▶ _The task_
In the entries below, some lines contain "wearing"; work out how many and answer with the figure only.

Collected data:

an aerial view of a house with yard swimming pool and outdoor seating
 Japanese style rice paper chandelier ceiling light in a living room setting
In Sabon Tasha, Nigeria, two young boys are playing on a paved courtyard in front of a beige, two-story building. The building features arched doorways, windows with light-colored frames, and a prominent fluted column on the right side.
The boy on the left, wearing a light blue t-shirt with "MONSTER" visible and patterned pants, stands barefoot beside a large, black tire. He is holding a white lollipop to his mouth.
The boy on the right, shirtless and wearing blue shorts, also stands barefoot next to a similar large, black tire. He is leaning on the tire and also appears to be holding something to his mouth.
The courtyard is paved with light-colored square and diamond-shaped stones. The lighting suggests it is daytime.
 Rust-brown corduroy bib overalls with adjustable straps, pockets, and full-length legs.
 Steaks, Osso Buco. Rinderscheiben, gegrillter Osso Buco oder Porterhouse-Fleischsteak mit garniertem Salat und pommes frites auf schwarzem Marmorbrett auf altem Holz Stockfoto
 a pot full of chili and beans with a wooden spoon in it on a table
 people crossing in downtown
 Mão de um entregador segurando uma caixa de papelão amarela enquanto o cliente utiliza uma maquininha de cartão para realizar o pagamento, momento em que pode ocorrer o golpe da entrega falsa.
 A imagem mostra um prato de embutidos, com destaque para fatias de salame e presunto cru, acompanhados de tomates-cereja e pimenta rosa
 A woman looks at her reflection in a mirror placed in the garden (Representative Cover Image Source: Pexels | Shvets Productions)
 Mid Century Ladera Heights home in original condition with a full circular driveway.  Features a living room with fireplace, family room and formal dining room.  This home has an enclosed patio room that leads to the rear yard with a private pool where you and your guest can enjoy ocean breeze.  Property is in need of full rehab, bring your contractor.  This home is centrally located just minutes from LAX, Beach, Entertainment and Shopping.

▶ _Completed exercise_
2